__What you should do__: Each line of the data below holding the word "from" must be copied.

__Source records__:
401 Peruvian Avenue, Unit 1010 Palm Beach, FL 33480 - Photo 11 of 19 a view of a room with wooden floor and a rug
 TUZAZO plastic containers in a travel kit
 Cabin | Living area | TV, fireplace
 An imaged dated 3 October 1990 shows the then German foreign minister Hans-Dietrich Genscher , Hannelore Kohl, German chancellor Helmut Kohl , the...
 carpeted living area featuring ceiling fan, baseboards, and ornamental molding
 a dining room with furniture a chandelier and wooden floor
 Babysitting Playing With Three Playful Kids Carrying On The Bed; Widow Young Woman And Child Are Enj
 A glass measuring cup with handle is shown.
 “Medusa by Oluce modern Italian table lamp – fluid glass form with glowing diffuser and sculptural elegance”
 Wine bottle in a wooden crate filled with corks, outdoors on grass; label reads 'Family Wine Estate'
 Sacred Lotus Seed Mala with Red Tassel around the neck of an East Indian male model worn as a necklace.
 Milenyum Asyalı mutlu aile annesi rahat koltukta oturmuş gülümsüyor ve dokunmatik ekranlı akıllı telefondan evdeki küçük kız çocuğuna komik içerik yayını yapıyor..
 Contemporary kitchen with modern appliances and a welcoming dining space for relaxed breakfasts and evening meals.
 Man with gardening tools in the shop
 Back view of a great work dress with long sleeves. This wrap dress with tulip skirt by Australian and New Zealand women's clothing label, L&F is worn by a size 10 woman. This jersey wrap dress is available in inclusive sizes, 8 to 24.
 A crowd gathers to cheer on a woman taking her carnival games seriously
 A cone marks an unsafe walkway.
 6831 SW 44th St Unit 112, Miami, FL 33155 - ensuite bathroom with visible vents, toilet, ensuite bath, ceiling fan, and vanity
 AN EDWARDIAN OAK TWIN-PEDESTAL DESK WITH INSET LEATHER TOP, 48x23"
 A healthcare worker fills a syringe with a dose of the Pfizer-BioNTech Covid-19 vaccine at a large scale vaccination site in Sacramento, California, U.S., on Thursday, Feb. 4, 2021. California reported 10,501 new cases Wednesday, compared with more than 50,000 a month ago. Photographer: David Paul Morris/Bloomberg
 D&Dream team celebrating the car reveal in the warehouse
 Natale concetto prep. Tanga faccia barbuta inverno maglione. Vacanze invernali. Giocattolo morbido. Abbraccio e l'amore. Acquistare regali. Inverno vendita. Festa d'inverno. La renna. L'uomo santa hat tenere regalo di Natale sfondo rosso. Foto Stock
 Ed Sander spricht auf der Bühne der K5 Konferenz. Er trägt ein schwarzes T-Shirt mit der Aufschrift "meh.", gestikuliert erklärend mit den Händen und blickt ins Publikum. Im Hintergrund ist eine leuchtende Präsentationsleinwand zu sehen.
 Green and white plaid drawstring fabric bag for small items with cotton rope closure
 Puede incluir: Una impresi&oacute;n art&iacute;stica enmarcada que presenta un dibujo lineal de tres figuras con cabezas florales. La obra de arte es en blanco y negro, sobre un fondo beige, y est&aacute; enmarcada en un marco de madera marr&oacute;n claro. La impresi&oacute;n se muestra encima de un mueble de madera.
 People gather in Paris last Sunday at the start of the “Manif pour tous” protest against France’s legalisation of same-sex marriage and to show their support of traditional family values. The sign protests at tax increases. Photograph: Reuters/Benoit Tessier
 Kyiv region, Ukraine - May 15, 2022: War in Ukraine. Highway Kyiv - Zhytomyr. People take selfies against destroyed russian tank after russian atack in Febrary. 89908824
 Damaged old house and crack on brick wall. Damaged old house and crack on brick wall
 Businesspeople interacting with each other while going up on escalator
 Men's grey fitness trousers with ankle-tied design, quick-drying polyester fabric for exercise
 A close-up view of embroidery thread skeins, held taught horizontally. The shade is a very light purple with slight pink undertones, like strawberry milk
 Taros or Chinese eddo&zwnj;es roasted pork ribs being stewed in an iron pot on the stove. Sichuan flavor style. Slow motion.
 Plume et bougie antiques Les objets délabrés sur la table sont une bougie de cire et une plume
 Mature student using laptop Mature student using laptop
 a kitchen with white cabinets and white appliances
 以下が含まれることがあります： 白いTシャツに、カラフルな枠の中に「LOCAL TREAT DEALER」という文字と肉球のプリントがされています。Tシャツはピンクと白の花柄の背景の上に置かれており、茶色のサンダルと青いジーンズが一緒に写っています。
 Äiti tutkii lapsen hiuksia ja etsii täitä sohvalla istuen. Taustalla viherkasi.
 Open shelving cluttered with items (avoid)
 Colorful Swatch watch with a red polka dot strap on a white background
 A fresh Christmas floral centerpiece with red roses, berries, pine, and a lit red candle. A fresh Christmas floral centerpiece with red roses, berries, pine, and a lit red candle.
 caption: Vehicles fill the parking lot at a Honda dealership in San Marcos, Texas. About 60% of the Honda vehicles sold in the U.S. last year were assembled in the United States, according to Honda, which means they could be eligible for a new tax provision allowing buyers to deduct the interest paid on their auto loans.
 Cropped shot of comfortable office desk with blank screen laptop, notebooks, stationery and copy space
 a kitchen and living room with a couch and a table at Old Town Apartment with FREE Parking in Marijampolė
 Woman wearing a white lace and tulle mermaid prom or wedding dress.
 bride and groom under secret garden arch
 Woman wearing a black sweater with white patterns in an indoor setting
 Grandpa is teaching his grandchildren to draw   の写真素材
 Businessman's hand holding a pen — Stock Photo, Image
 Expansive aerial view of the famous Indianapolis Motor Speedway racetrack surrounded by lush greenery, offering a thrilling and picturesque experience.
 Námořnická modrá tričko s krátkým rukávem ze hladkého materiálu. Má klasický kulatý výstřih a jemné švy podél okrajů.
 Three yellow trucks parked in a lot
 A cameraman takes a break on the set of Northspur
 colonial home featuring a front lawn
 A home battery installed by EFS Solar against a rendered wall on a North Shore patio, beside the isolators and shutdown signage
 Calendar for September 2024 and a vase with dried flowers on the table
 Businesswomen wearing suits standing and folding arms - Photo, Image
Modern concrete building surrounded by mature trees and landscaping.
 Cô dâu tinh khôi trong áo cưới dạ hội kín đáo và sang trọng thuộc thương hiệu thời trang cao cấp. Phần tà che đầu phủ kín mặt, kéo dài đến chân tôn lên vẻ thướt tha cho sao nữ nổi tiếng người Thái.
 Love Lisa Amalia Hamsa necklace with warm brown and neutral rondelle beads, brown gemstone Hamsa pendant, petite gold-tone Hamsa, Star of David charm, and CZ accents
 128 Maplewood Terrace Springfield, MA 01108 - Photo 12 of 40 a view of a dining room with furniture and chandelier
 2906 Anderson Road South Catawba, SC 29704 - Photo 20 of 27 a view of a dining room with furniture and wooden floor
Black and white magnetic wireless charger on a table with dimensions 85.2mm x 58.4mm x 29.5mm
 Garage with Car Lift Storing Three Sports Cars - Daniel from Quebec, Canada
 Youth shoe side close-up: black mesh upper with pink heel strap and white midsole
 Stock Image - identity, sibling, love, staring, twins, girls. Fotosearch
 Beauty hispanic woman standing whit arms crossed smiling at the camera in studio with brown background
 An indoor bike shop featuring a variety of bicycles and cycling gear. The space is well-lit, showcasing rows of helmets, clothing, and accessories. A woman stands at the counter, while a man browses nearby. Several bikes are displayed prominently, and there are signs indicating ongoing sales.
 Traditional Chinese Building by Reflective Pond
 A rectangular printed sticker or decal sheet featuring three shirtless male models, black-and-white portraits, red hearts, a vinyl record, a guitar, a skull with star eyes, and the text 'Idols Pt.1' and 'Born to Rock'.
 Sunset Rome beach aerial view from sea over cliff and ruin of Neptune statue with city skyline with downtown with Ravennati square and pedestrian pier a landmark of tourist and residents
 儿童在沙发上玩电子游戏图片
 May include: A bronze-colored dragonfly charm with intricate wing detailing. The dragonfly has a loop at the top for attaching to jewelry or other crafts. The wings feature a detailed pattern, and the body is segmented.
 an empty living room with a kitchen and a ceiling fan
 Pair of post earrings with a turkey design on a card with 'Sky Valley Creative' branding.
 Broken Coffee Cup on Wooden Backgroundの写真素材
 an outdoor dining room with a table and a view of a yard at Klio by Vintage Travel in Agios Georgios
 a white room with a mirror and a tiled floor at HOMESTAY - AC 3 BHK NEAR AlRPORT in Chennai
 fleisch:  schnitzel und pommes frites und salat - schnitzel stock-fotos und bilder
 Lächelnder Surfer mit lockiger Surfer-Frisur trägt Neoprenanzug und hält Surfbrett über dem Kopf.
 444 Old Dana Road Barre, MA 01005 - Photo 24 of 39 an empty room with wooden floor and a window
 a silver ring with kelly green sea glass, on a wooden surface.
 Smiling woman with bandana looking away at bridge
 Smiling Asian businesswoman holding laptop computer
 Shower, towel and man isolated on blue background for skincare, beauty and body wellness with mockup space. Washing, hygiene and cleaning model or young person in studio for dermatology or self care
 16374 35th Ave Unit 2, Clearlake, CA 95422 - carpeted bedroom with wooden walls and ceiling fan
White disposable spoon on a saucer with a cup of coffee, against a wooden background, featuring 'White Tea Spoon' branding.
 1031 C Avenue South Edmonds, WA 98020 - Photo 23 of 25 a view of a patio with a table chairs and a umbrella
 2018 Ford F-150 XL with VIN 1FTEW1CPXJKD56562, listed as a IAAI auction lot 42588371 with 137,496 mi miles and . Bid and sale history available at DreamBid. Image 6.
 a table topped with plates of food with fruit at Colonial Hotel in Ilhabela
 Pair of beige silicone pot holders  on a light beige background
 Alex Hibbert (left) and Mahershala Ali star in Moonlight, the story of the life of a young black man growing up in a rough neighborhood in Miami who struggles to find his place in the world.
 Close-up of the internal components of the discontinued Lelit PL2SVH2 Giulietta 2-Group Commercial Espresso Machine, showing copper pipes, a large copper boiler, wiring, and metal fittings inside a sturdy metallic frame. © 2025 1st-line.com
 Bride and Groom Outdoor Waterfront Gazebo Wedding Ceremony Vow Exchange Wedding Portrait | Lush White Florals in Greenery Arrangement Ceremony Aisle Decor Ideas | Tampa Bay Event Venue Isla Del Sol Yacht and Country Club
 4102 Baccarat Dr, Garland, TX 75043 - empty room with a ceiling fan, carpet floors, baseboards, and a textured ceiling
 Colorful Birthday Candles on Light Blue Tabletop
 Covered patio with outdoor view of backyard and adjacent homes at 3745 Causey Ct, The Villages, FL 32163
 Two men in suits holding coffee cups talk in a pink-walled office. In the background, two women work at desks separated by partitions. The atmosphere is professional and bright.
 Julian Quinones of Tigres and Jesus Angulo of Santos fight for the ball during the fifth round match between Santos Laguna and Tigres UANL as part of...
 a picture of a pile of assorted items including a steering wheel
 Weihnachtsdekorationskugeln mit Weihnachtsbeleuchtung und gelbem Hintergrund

__Answer__:
 Garage with Car Lift Storing Three Sports Cars - Daniel from Quebec, Canada
 Sunset Rome beach aerial view from sea over cliff and ruin of Neptune statue with city skyline with downtown with Ravennati square and pedestrian pier a landmark of tourist and residents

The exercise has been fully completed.